3.朝鮮学校の生徒たち、保護者たちが高校無償化排除に反対の声を挙げているのは、なぜでしょうか?
約一万二千円が欲しいからではありません。
「すべての人に学ぶ機会を」と言っておきながら、無茶苦茶な理由で自分たち「だけ」を排除し、本来争いや対立などあるわけもないところに、それを無理やりに持ち込まれているその理不尽さに抗っているのです。
「政治利用はしない」と言っておきながらミサイル事件があった途端に政治理由で手続を止めた政府の対応も物凄いが、国連から重大な人権侵害と名指しで批判されても、何が言いたいのかわからない幼稚な新聞とか、得点を稼ぎたいだけの脂っこい政治家とか、もはや意味不明の圧力団体に成り下がった何某会とかが頻繁に出てきて、どうにかして朝鮮学校にカネが行かないようにと、足らない知恵を絞り合っている醜悪さはもはや異常です。そのたびに否応なく巻き込まれる生徒の身にもなってみろというものです。朝鮮学校の生徒は拉致に加担し、ミサイルを飛ばしたのか、政治家の連中に聞いてみたいものです。北朝鮮絡みなら何でもありで思考停止になっている日本社会に、本当に社会の有り様がこれでいいのか、差別が是認される社会が本当に良い社会なのか問題提起をするために、生徒や卒業生、保護者らは声を上げ、この理不尽が後代に引き継がれないように戦っているのです。本来勉学やクラブ活動に汗を流すべき生徒が署名活動に立ったり、集会で発言したりしています。これを日本社会がどう捉えるかということです。

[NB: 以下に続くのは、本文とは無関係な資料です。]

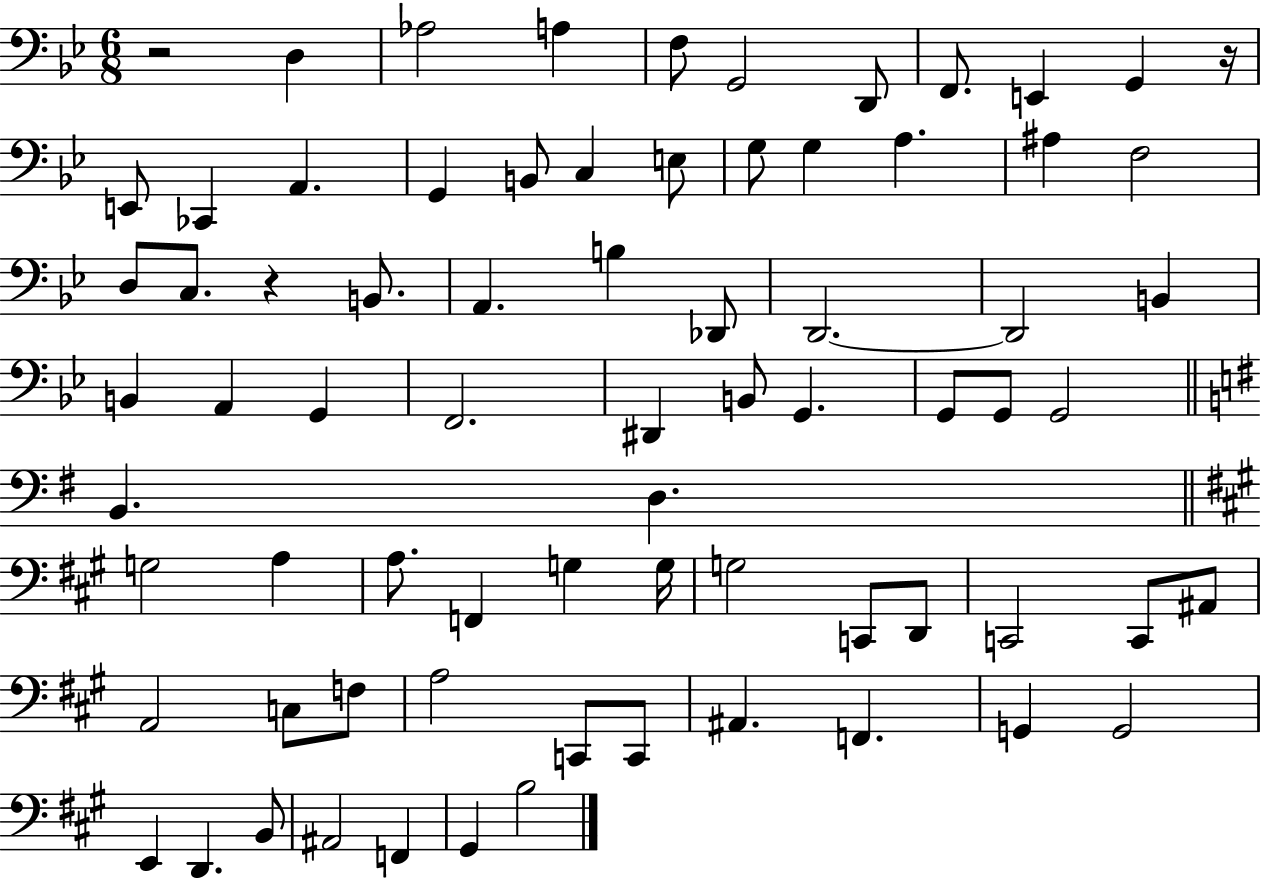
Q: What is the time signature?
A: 6/8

日本政府は北朝鮮本国に対して、対話の門戸の一切を閉ざし、経済交流も文化交流も政策で禁止することで、当然に拉致問題や国交正常化問題に対し打つ駒が無くなった訳ですが、それを「内なる北朝鮮」の朝鮮学校の生徒に圧力をかけることで打ったような気になっています。少し考えれば分かることですが、朝鮮学校の生徒に圧力をかけても、北朝鮮との関係改善なり、北朝鮮当局の態度軟化なり、拉致問題の解決へは1mmも動きません。逆に、日本政府のこのような子供たちを人質に取るような政策は、北朝鮮の姿勢をより硬化させ、かつ日本の国際社会での地位を確実に低下させることになるでしょう。差別を是認する政策に世界の賛意が集まるはずがありません。実際に、国連でこのことがどのように議論されているか、少し調べれば分かるので、調べてみるといいでしょう。
4.朝鮮学校の無償化排除が実現しても、朝鮮学校が日本から無くなることはありません。

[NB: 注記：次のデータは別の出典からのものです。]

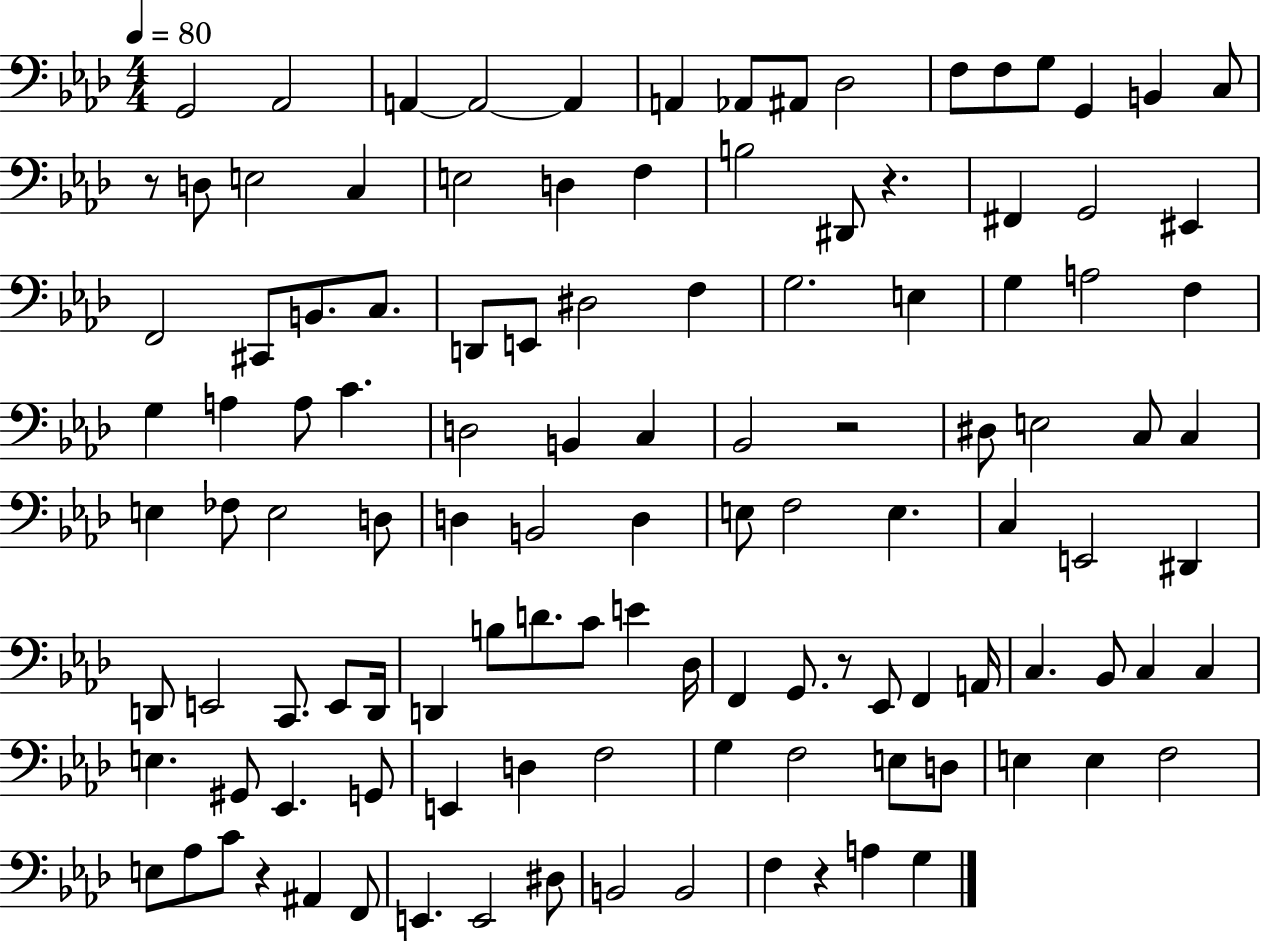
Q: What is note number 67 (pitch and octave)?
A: C2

高校無償化で朝鮮学校がクローズアップされたときに、低俗な新聞でよく書かれていたのが「民族教育なら自分たちの資源でやれ」「日本の言う通りに教育するなら無償化対象にしてやってもいい」という言説です。
何をいわんやです。同化政策のもと朝鮮人子弟を漏れなく日本の学校に通わせようとしたのが日本政府です。それに抗い、金と知恵を出し合ってバラック建てから学び舎を守ってきたのは、他ならぬ在日コリアン自身です。朝鮮学校を閉鎖しようとし、それに抗う少年を銃弾で葬ったのが日本政府であり、逆に援助の手を差し伸べて支えて来たのは、朝鮮戦争後の戦災復興ままならぬときから少ない国家予算から数百回にわたり資金援助を続けてきた北朝鮮政府です。それが今になって「日本の援助が欲しければ北朝鮮との関係を断て」とはどの口が言うのでしょうか?

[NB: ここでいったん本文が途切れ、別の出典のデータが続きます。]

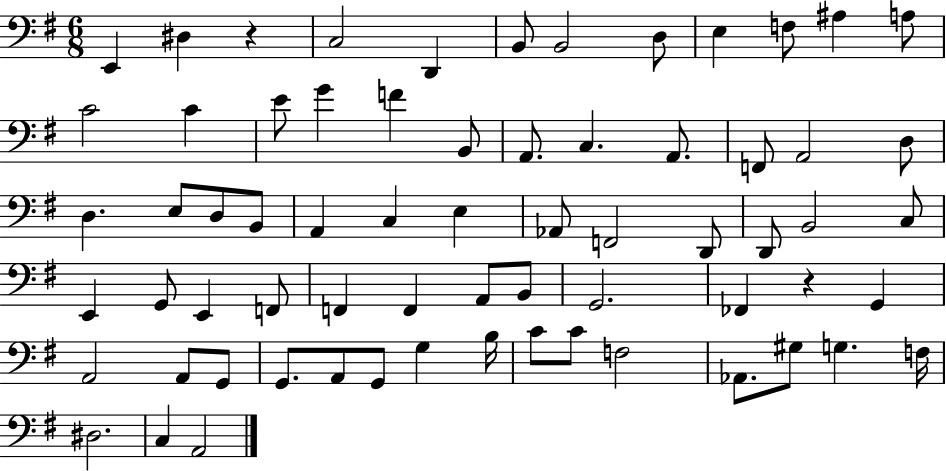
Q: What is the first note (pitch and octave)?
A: E2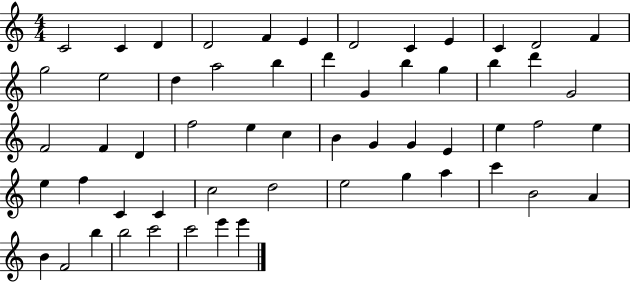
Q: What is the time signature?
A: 4/4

これまで数十年間、朝鮮学校はほぼ保護者らの月謝と理解者のカンパ、本国からの援助で成り立たせてきました。私学助成金などの公的援助は大きく削られ、これまで自治体が独自に支給してきた支援金も、昨今の衆愚政治を弄ぶ独裁主義的首長の台頭によって、どんどん削られています。挙句には震災の中で東北の朝鮮学校の補助金打ち切りが決まりました。かの大震災で朝鮮学校「だけ」が被災しなかったとでも言うのでしょうか?呆れるしかありません。
たとえ、高校無償化から排除されようとも、あらゆる補助金が打ち切られようとも、朝鮮学校はこれまでも在日コリアンと理解ある日本の市民が資源を出し合い守ってきたし、これからもそうだと確信します。カネをタテに恫喝し、人気取りの道具にしようとする衆愚政治の寵児に屈するほど、何十年間も守ってきた価値ではないのです。その価値は現在の生徒、保護者、卒業生がよく知っています。交流機会のあった人や周辺の理解ある市民がよく知っています。この価値が永遠に理解できないのは、よそ者に敵愾心を持つことで自尊心を保ってきたような人間か、マジョリティの人気にしか関心がない政治家ぐらいでしょう。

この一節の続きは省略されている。